(COLLECTED MATERIAL)

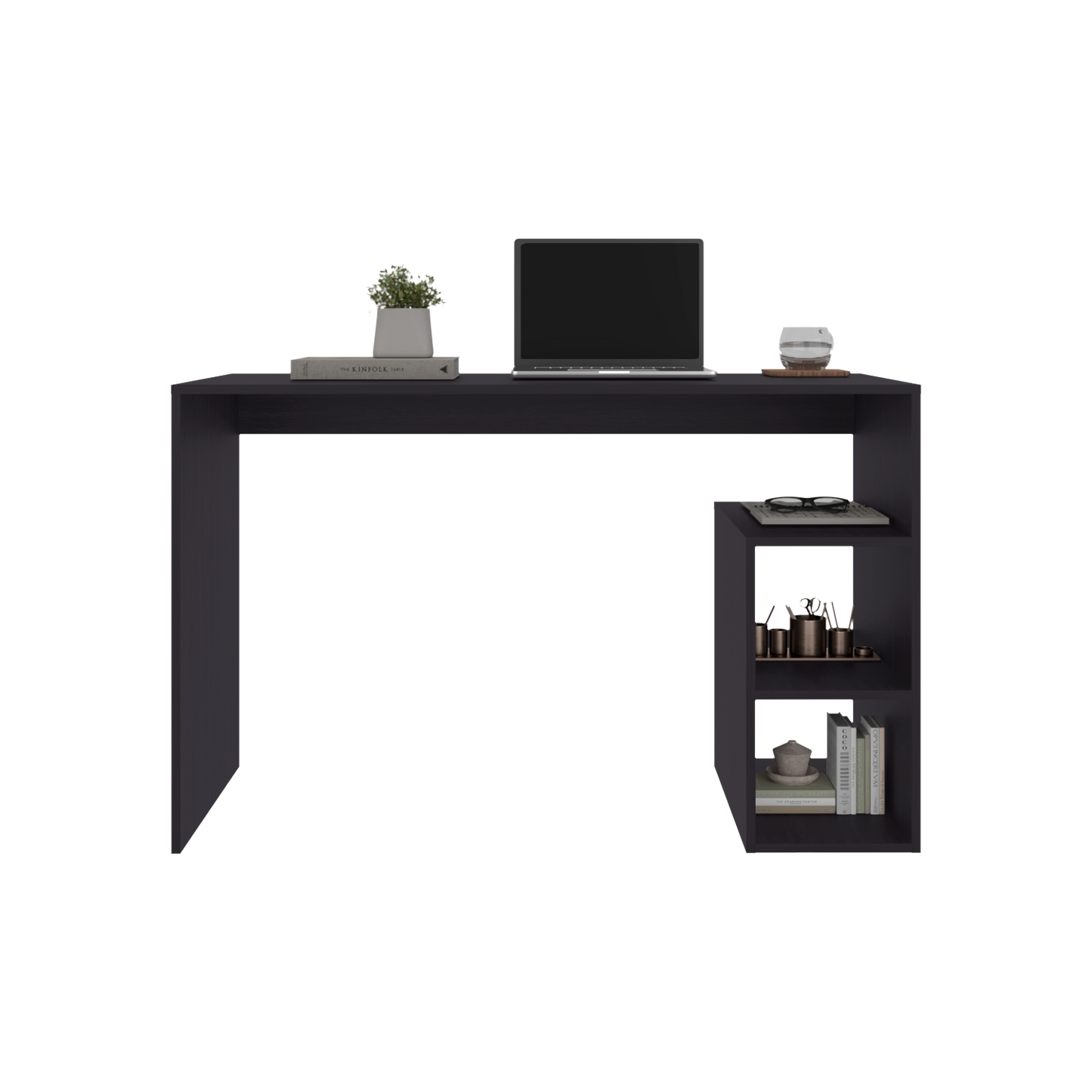 Rolla Desk Orquidea - Modern Black Office Storage for Home Office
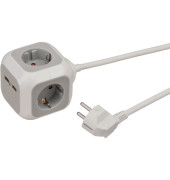 Steckdosenwürfel ALEA-Power 4 Steckdosen 1,4m inkl. Standfuß-Adapter grau/weiß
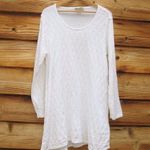 Flax White Textured Knit Linen Cotton Mini Dress Photo 0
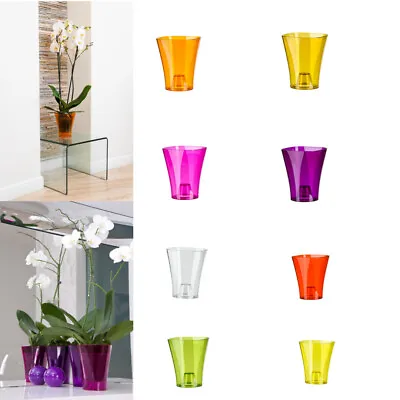 Plant Orchid Pot Plastic 8 Colours Gloss Modern Planter Transparent Clear 12 Cm • £5.99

(End COLLECTED MATERIAL)

EXERCISE REQUIREMENTS: Print out the complete listing above exactly, dropping each image.

WRITTEN ANSWER:
 Rolla Desk Orquidea - Modern Black Office Storage for Home Office
 Steckdosenwürfel ALEA-Power 4 Steckdosen 1,4m inkl. Standfuß-Adapter grau/weiß
 Flax White Textured Knit Linen Cotton Mini Dress Photo 0
 Plant Orchid Pot Plastic 8 Colours Gloss Modern Planter Transparent Clear 12 Cm • £5.99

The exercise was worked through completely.